You can have the best diet in the world, but how can it nourish you if you can’t digest it, can’t assimilate it? Can't even begin to tolerate it?
The simple fact is, you are NOT what you eat; you are what your body DOES with what you eat. There's this little thing called physiology that comes between you and your food.
So in addition to putting in the good stuff, you have to take out the bad stuff; you have to take out the garbage. And that looks different for different people, because even good food can go bad inside you if your digestion and elimination are not working properly.
Case in point: Irritable Bowel Syndrome (IBS). Here's an affliction in which healthy foods can sometimes make you sicker. Many IBS sufferers become bloated, foggy, and miserable when they eat specific carbohydrates known as FODMAPs (Fermentable Oligo-, Di-, Monosaccharides, and Polyols). Unfortunately FODMAPs are found in many healthy foods like onions, garlic, cherries, asparagus, beans, whole wheat, and cauliflower...to name a few. So telling an IBS sufferer to "just eat a healthy diet”—by which you mean heaps of whole grains, legumes, and indiscriminate fruits and veggies—is not very helpful, is it?
That's where resources like the low-FODMAP diet come in, developed by Monash University (see below).
This week I'm passing on a few excellent links to help you if you struggle with IBS. This material will become an in-depth post later, but for now I just want you to know where to start looking for help. Because it's no fun feeling (or looking) pregnant by the end of the day, just because you had hummus for lunch...no fun at all. Especially if you're not pregnant!
As always, I'll do my best to make the complex seem simple, so you can just focus on feeling better.
Here's your focused information quest:
WATCH: The FODMAP Grand Tour Down Under: How IBS works. This video will teach you everything you need to know about your temperamental gut in just 3 minutes.
WATCH: Monash University Low FODMAP Diet App Video. A super handy app to make the low-FODMAP diet easy and fun.
WATCH: Beating the Bloat: the FODMAP diet & IBS by Professor Peter Gibson, Head of Gastroenterology at Monash University.
Professor Peter Gibson is Head of Gastroenterology at Monash University and an internationally renowned expert in the field. In 2013, he presented on the problem of Irritable Bowel Syndrome (IBS) and gut symptoms. He describes the controversy surrounding wheat intolerance, the most current research and outlines the new dietary approach, the low FODMAP diet, that is changing the way doctors and dietitians help people with IBS to manage their problem.
What about Small Intestine Bacterial Overgrowth (SIBO)?
Ah yes...SIBO. A tough problem.
SIBO is a subtype of IBS that is more severe than plain 'ol vanilla IBS. In SIBO, symptoms are not confined to the large intestine, but begin in the small intestine where bacteria from the large intestine have migrated and taken over.
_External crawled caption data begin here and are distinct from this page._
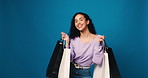 Happy woman, face and studio with shopping bags for payment or purchase on a blue background. Portrait, female person or model with smile or gifts for discount shopper, sale or deal on mockup space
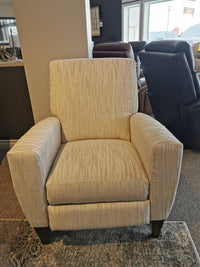 The La-Z-Boy 431 Scarlett High-Leg Recliner, in beige, stands on wooden legs in a carpeted showroom.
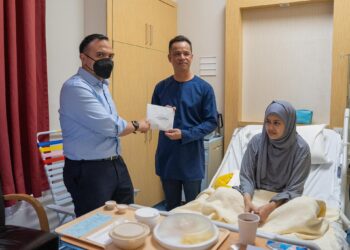 FARHAN Fauzi (kiri) menyampaikan sumbangan kepada Akbar Sahari untuk Noorsuzilawati Noor yang menghidap kanser usus.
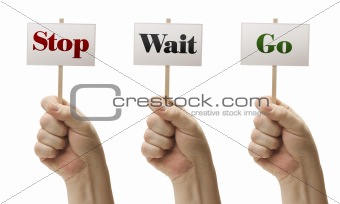 Three Signs In Male Fists Saying Stop, Wait and Go Isolated on a White Background.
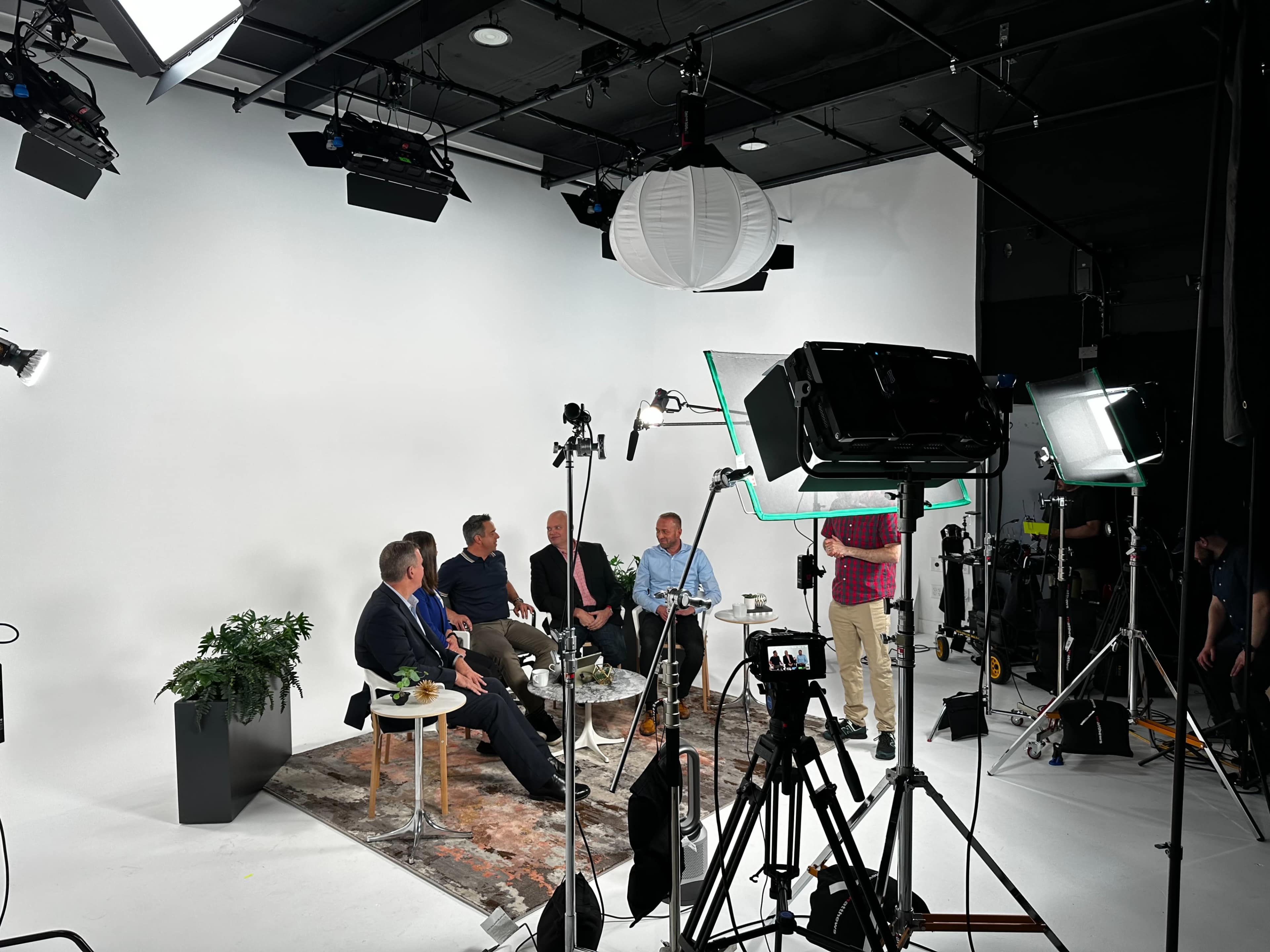 A group of five individuals is seated on a set with a white backdrop, surrounded by various studio lights and camera equipment.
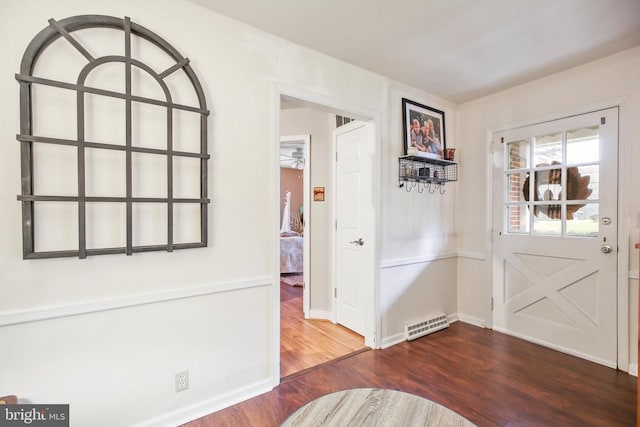 foyer entrance with visible vents, baseboards, and wood finished floors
This can be very painful and debilitating because the location of the bloating does not allow SIBO sufferers to simply pass gas for relief. SIBO requires laboratory diagnosis using a Hydrogen/Methane breath test, which can be ordered by your doctor. If either Hydrogen or Methane are elevated, you have SIBO. Methane producers in particular can become profoundly constipated (as well as bloated), making matters worse.
In addition to a low-FODMAP diet, SIBO usually requires treatment with 30 days of herbal antibiotics or several weeks of a special pharmaceutical antibiotic called Rifaximin. Recurrence rate is high.
For more information visit siboinfo.com, where SIBO expert Dr. Allison Siebecker, has compiled a ton of useful links and protocols.
Keep in mind, the low-FODMAP diet is not meant to be followed long term. If you have IBS, or think you may have, I suggest you take these resources to your doctor and discuss working with a dietician or nutritional therapist for a prescribed amount of time and then reassess your tolerance for FODMAPs.
Okay, enough shop talk. I leave you now with a saying attributed to Martin Luther, spoken in front of his dinner guests, I presume:
Warum rülpset und furzet Ihr nicht? Oder hat es euch nicht geschmeckt?" —Tischreden (Table Talks)
"What? No burping, no farting? Didn’t you like the food?"
Apparently Luther had a different idea of what’s appropriate at the dinner table. Or maybe he just had IBS.